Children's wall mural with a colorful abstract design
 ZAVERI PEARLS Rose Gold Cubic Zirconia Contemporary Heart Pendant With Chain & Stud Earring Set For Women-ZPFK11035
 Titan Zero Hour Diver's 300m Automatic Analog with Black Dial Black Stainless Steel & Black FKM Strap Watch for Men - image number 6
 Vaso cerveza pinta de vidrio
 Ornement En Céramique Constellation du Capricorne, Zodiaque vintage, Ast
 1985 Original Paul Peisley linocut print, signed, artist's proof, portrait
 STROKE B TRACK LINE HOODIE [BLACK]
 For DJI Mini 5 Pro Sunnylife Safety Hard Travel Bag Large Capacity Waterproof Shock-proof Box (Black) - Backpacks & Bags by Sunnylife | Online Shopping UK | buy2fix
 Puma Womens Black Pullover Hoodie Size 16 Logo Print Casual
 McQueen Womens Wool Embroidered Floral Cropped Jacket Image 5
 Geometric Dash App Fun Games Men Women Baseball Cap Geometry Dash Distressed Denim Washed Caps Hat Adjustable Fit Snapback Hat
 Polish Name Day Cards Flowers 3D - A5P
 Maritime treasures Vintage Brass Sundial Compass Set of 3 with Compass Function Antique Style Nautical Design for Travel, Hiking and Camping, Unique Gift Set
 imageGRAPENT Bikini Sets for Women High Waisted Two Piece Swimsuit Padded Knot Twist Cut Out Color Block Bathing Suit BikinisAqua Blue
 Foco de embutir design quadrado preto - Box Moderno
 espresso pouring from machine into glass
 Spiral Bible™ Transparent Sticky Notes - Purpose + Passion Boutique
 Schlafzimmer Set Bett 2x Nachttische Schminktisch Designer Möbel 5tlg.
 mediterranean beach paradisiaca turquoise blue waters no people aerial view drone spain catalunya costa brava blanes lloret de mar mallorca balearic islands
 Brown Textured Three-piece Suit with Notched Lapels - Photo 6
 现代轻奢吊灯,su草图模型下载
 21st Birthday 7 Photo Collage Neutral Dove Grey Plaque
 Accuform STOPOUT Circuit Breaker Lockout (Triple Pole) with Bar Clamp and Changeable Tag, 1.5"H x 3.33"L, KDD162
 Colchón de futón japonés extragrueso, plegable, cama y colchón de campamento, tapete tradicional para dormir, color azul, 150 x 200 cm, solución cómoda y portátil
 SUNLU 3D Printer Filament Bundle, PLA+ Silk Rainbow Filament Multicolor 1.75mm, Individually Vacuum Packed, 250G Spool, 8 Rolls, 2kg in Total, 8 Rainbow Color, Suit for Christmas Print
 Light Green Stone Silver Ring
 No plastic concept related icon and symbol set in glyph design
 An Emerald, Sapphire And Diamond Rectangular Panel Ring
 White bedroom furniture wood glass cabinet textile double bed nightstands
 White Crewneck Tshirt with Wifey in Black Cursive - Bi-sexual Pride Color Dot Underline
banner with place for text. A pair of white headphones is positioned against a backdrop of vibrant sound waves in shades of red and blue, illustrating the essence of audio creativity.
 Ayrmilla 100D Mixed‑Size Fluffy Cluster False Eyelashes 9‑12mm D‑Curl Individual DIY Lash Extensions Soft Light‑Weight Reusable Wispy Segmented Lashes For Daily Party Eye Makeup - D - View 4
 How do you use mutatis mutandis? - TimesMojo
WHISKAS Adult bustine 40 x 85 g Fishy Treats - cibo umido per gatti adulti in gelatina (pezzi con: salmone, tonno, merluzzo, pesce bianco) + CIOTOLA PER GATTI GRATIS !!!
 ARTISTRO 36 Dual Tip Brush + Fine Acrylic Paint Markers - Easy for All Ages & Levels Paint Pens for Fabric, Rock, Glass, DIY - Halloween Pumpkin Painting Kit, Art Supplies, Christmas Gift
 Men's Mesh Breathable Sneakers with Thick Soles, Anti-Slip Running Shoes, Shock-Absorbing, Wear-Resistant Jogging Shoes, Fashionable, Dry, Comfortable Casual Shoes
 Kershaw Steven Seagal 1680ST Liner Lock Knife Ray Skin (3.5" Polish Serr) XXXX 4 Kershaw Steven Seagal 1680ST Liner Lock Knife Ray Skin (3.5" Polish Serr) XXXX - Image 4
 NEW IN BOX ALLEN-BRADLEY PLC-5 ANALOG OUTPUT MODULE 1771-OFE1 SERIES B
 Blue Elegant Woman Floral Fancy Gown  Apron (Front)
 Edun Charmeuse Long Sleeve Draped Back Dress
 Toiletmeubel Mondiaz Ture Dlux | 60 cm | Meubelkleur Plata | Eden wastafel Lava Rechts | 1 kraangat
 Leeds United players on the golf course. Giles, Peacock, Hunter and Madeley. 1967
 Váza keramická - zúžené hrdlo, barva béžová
----------
**Task directions**
Your answer should be the lines of the listing above between the line holding "现代轻奢吊灯,su草图模型下载" and the line holding "Accuform STOPOUT Circuit", inclusive, restated word for word and alone.

**The completed task**
 现代轻奢吊灯,su草图模型下载
 21st Birthday 7 Photo Collage Neutral Dove Grey Plaque
 Accuform STOPOUT Circuit Breaker Lockout (Triple Pole) with Bar Clamp and Changeable Tag, 1.5"H x 3.33"L, KDD162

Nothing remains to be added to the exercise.